OMG. I can practically FEEL the heat of the firestorm! I love your cloak analogy. It’s like the Dalai Lama said, “I like your Christ but not your Christians.” Maybe these rich people didn’t realize the garden is a noun and a stinkin’ verb. Which does not mean you do it by-proxy. IMHO poor people, like myself, often have a richer culture than their wealthier counterparts. Heck, I’m not apologizing for my net worth, or lack of it, maybe I just don’t want money enough? Or I didn’t do the heel clicky thing, or pray to some god?

Yeah, yeah, put on those witchy-toed Manolo Blahniks before you start clicking, Lzyjo!

2. mr_subjunctive - March 25, 2010

Geez. I can see that if I wait too much longer to weigh in on all this, all the good points will be taken. I should probably get to work on that.

Ha! I’m sure that, no matter how much has been said, you’ll have something original to contribute, Mr. S.!

3. Benjamin - March 25, 2010

People get easily offended about any number of things, and I’m getting to the point where I’ll stop worrying about it and say to heck with you all. Honestly. It’s a little silly. There are more important things to get in a fuss about–buck up, be a big girl / boy. That’s the title to my new blog.

So true, Benjamin! (Yours truly not excepted.) The trick is maintaining a thick skin on one’s own behalf while remaining sensitive to others, I think. A sense of humor and perspective are essentials for both!

4. nancybond - March 25, 2010

Yes, a sense of humour is essential…and I thought the offending post was hilarious. Arrogant as all get out, but hilarious. 😉

That’s a definite upside, Nancy!

5. Elephant's Eye - March 25, 2010

I remember the first round of this rich vs poor battle, about 6 months ago, when I started blogging. Had to go back and read this ‘offending post’. It’s at Garden Rant. Skipped it the first time, because it is called Grocery Gardening. To me grocery equals a bag of flour, or a packet of pasta. What is weird – is that she is trying to sell a new book about it. No such thing as bad publicity? I wonder.

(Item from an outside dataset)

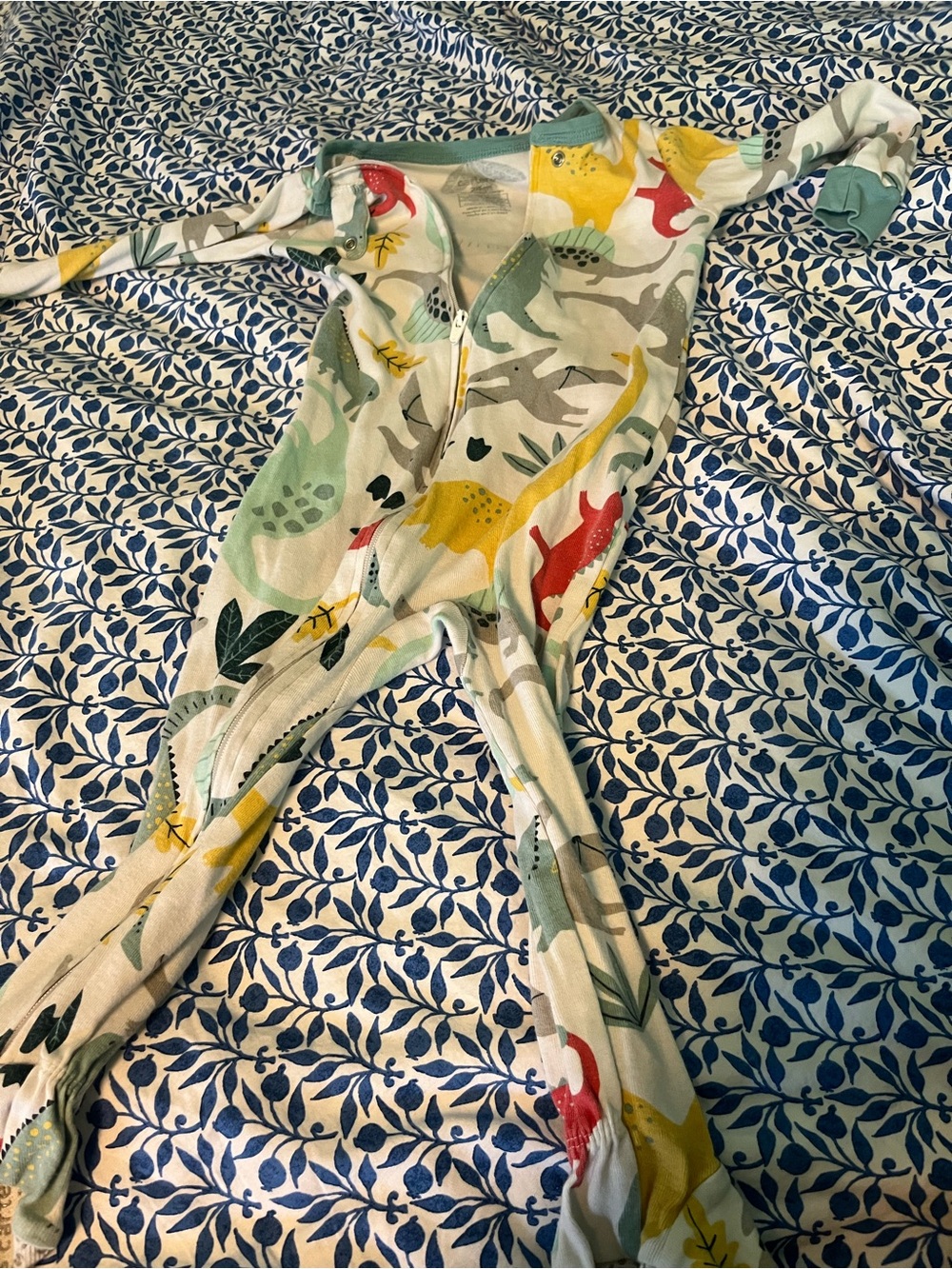 Carter’s  24 month one piece dinosaur pj’s.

Mercifully, I missed the first one, too, Diana! And you’re so right about the publicity. I have a friend who maintains that any publicity is good publicity. And this blogger’s certainly gotten her share with that post! Whether it translates to book sales remains to be seen.

6. Jean - March 25, 2010

Ben, Have you ever read Max Weber’s The Protestant Ethic and the Spirit of Capitalism? If Weber is right, the “I’m rich because God thinks I’m good and has smiled on me” goes back to the very roots of American history.
I somehow missed this whole tempest until very recently, so I’m grateful to Diana for telling me where the original post is. I like to be informed, and I could probably use a jolt of self-righteous indignation. 🙂

Ha! Classic, Jean! And no, I’ve not read the book, but it sounds like I need to. Thanks for the recommendation!

7. Jen - March 28, 2010

I missed most of this too – I’m sure it’s been pointed out that truly poor people don’t have TIME to garden because they’re working just to afford that little plot of land, or maybe the land they’re living on isn’t theirs to dig up. Time and space to garden (and blog) in itself is a luxury! What did you think of the school garden firestorm? The one that implied that teaching kids to grow their own vegetables is insulting to immigrant families who have worked so hard to keep their kids out of the fields?

I agree with you about time and space to garden and blog, Jen! I certainly feel blessed to have both! As for the whole school garden thing, I think it’s important to be sensitive to issues like this. Children should be able to choose whether or not to participate, and to consult with their parents before choosing. But I think it’s essential to give every child the choice, since nothing—and I mean NOTHING—is more important to the planet’s survival than reconnecting humans to the earth. It’s so much easier to waste and destroy something that means nothing to you than something you’ve learned to love. It’s harder to sit by and watch our land being poisoned when you know that food comes from the ground, not from stores. And, as with languages or any skill, the earlier kids learn that lesson, the better for our earth and for us all.